Какие только встречи не возникали в окутанном дымом городе! С жителями, наперебой рассказывавшими о зверствах гитлеровцев; с нашими солдатами и офицерами, первыми ворвавшимися в Минск. Встречались и товарищи по перу. В запыленных гимнастерках, с покрасневшими от усталости глазами корреспонденты «Правды» — Вадим Кожевников, Мартын Мержанов, Яков Макаренко; наши краснозвездовцы — Яков Милецкий и Николай Прокофьев. Во второй половине дня, поблизости от шоссе, ведущего на Барановичи, повидались с Петром Павленко. Худощавый, подтянутый, в гимнастерке с полковничьими погонами, перехваченной ремнями, он походил на командира дивизии, на часок-другой оставившего свой командный пункт. С присущим ему юморком делился впечатлениями: «Идет группа фашистских солдат. У старшего — записка: «Препровождается в тыл восемь фрицев. Оружие оставил при себе. Водитель Герасимов…» «Перекресток. Девушка-регулировщица. Курносенькая, рязанская, а рядом, в кювете, почти полтораста гитлеровских солдат. Вышли из леса и сдались в плен девахе».
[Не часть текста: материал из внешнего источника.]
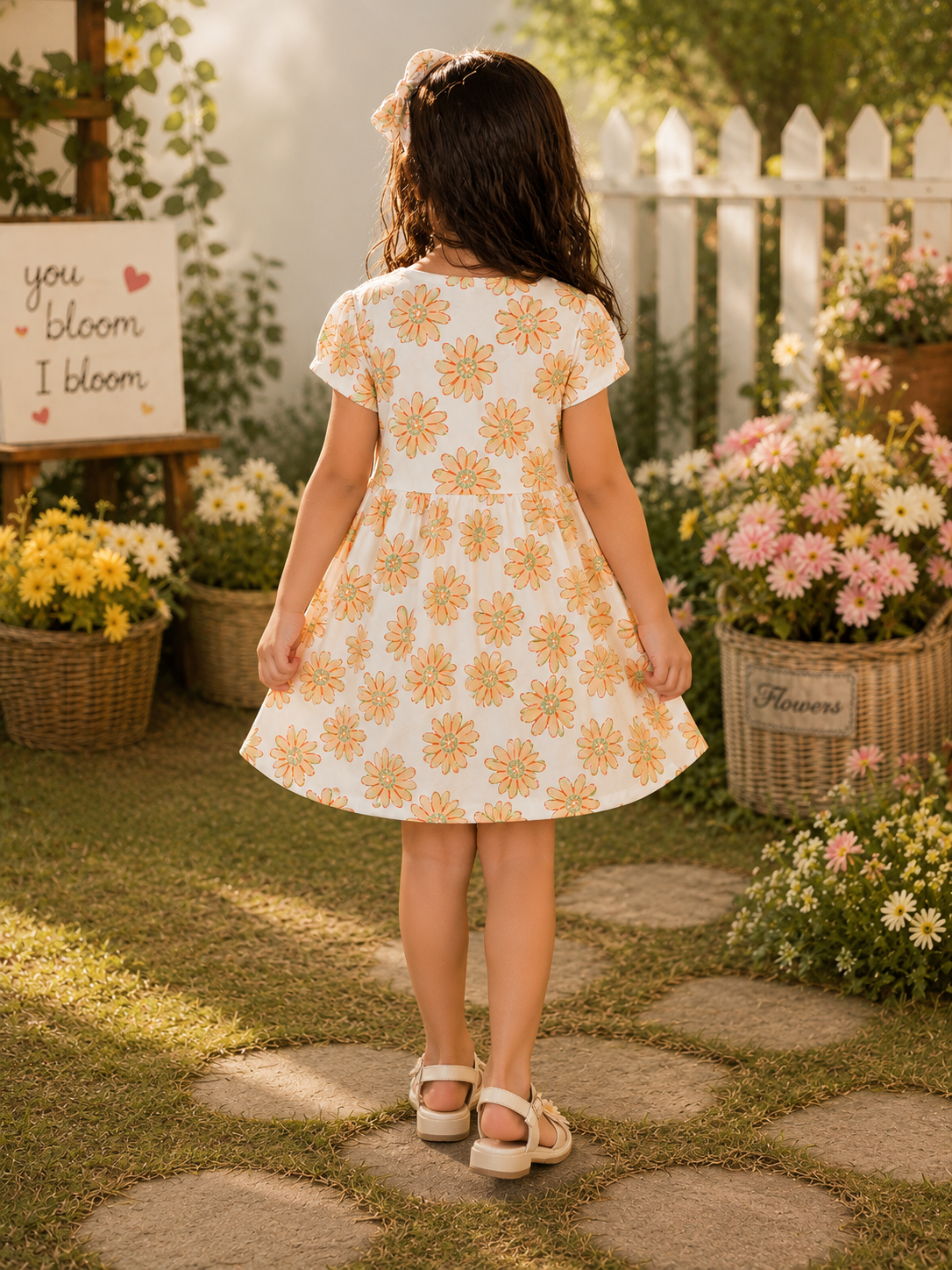 Sunny Daisy Print Cotton Dress for Girls | Soft Summer Casual Frock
Белоруссию справедливо называли партизанской республикой. На улицах ее столицы Эренбург разговорился с командиром отряда 1-й Минской бригады, вошедшей в город вместе с нашими танкистами. Отряд втягивался на центральный проспект. Рота за ротой шли люди в штатском, вооруженные автоматами и пулеметами. У многих — ордена и медали. Колонну замыкала партизанская батарея, а за нею понуро шагали примерно полтораста гитлеровцев. Последний бой отряд вел в районе Червени. Там, не выдержав рукопашной, фашисты начали сдаваться в плен. Вот их и решили партизаны привести в Минск, чтобы «было чем похвалиться перед народом…»

И эта, и другие подобные встречи невольно припомнились, когда после войны однажды в конференц-зале «Правды» собрались бывшие партизаны во главе с начальником Центрального штаба партизанского движения П. К. Пономаренко. Среди них — минская подпольщица Глафира Суслова; подрывник Николай Нагибов, проведший в тылу врага больше тысячи суток; пулеметчик Дмитрий Барашкин, ставший Героем Социалистического Труда, и другие. Со многими из них нам с Эренбургом доводилось тогда встречаться и в Минске, и в Логойске или под Столбцами, возле Молодечно или Ивенца — на дорогах наступления. К сожалению, на том послевоенном партизанском собрании писателя не было — незадолго перед тем он скончался. Народные мстители почтили намять Ильи Григорьевича минутой молчания…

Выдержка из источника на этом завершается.